This Sunday sees me do something that I’ve not done much of recently and which I’ve certainly not done since losing my sight in July. What might this be you ask? Well this might surprise a few of you but I’ll be preaching at our local Baptist church.
Yep that’s right the folks at Beeston Baptist Church have been brave enough to let me loose in the pulpit for the first time since I spoke there in May of this year. Those of you who know something of the journey we’ve been on as a family over the past few years will know that Erica and I used to be involved in leading a church plant in Northumberland and a major part of my role was preaching on a Sunday. so it’s not exactly a case of me having to do something i’ve not done before or which i’m completely new to. I may not be the best at it and I know my lack of practice will show but I do generally enjoy doing it and I do think God has given me a voice that news to be heard.
You would therefore think that I would be pleased to have been ask to preach and would be looking forward to putting my past experience to good use. Well in many ways I am, although it probably wasn’t the best idea to agree to do it at a time when our house is in chaos with building work and when Erica is busy all Friday evening and all day Saturday meaning I am on kid-duty!!! More significantly than all this however is the fact that it is the first time I will be preaching to a congregation that I can not see at all.
In the past I’ve never really been able to see much of what’s happening in the congregation whilst speaking, I have relied more on the verbal feedback which I always hoped wouldn’t just be snoring or bored shuffling noises. I have never been able to see people’s faces or gauge body language and so this Sunday will be no different. Bizarrely enough I have in the past also been told what good eye contact I have which has always made me chuckle! This Sunday however I really will be preaching “blind”. I am all too aware of how self-conscious i could feel and how awkward I might look and my worst fear is that I will lose my orientation and end up preaching to the bak wall or something random like that!
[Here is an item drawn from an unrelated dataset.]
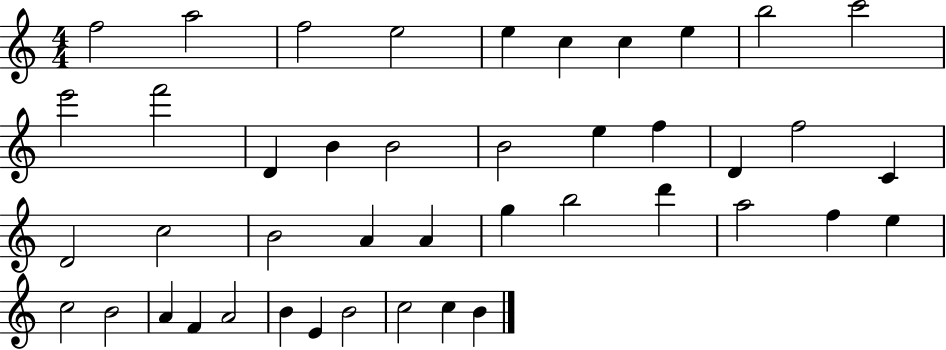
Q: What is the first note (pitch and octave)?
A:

At this point many of you are probably telling me to stop worry what people think and that God will use me in my weakness, yes you’re quite correct, I do know that and I can testify to many times before when God has spoken through despite my weaknesses and I really do hope this is the case this time. As true as this is however I really am quite nervous about how it will all go and whether or not I’ll come away from it thinking “that’s it, I’m never preaching again”.
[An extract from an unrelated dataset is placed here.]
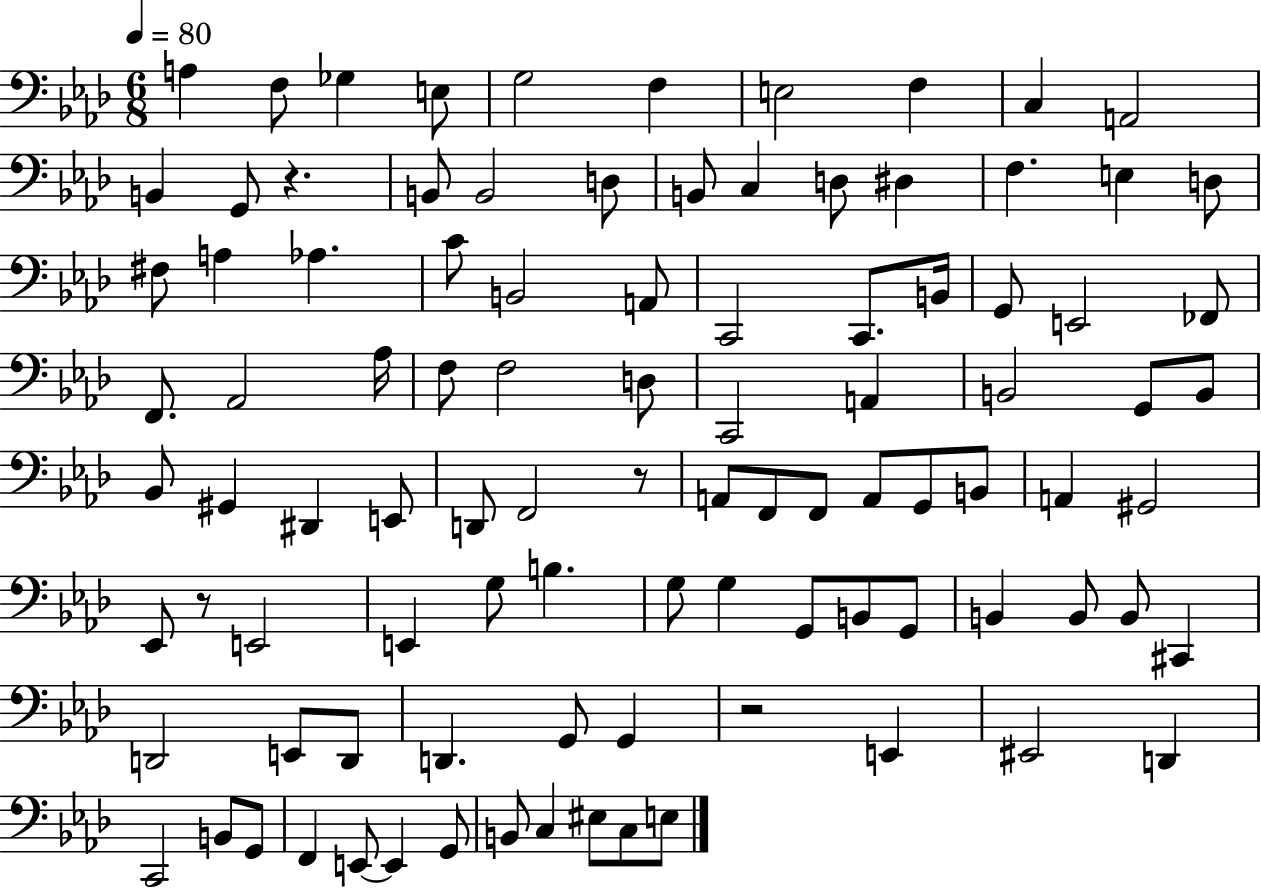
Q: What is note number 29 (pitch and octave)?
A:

to be fair to the good folks at Beeston Baptist they are a very encouraging bunch and I do genuinely feel a sense of acceptance from them of who I am and what my disability means in terms of how I do things. I know that if I give my best and am true to what I believe I should say then the rest is ultimately out of my hands. yet as much as I know this I’m still somewhat daunted by the whole prospect.
why am I telling you this? Well partly so that if you’r the praying type you will spare some time to pray for me as I prepare my sermon and preach it on Sunday. Also I guess I want to cary on my vow to be honest with you about the ways in which my new reality affects every part of my life not least of all my faith and how I seek to serve the local church community.